Эстетизация философских проблем в литературе приводила к лирической интерпретации буддийской идеи бренности мудзё: (заимствованной из Индии и Китая) в японском духе. В сочинениях эпохи Хэйан она разрабатывалась в элегическом ключе: прекрасное должно быть печальным и мимолетным. Грусть несколько затуманивает и смягчает неизбежную смену времен, правителей, министров, жесткую заданность должностной и родовой иерархии, регламентированную суровым придворным этикетом жизнь. Имперсональная судьба рода, существующая безотносительно личности, требовала, видимо, для адекватного воспроизведения доверительной живой интонации беседы, грусти, смягчающей изначальную суховатость исторического повествования. Круговорот жизни и смерти свершается в О:кагами очень быстро, судьба одного человека видна как на ладони.
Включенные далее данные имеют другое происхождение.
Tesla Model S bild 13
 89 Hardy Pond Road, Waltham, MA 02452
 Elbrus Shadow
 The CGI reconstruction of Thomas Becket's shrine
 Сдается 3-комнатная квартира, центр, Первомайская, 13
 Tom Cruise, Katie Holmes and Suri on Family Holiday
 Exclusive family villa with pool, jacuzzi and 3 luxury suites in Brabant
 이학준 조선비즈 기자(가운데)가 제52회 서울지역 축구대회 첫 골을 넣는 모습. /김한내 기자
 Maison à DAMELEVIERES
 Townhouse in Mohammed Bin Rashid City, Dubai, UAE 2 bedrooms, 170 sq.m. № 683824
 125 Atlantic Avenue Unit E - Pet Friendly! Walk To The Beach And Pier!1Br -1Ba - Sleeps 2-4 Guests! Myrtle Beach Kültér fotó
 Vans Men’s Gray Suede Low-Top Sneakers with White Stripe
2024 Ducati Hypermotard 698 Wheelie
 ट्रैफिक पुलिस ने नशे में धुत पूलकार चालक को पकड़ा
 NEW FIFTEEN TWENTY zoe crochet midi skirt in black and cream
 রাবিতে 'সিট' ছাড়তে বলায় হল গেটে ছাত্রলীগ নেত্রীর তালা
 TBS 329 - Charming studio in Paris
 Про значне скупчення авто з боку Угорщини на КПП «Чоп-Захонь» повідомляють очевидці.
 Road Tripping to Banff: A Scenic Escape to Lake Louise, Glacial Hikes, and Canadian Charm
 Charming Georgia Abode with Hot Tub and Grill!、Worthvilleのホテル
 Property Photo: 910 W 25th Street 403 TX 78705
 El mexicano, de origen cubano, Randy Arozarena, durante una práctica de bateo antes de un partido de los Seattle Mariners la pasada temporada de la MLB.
Человек видится рассказчикам как часть мира, он изображается в окружении других людей и вещей. Взгляд рассказчиков на описываемый мир схож со взглядом средневекового художника — автора иллюстрированных рассказов э-маки моно к роману Гэндзи моногатари (ХІ-ХII вв.); рассказчики словно смотрят сквозь сорванную ветром крышу и видят все — такой тип изображения получил название фукинуки ятай (буквально “сцена с сорванной крышей”).
54
О таком свойстве традиционного мировоззрения японцев писали культурологи: Kato Shuichi. A History of Japanese Literature. Tokyo, 1979; Ясунага Дзюнэн. Дэнсё:-но ронри [Логика традиции]. Токио, 1975.
55
Это наиболее ярко отражающие идею бренности образы японской поэзии, часто встречающиеся, но всегда как бы заново возрожденные.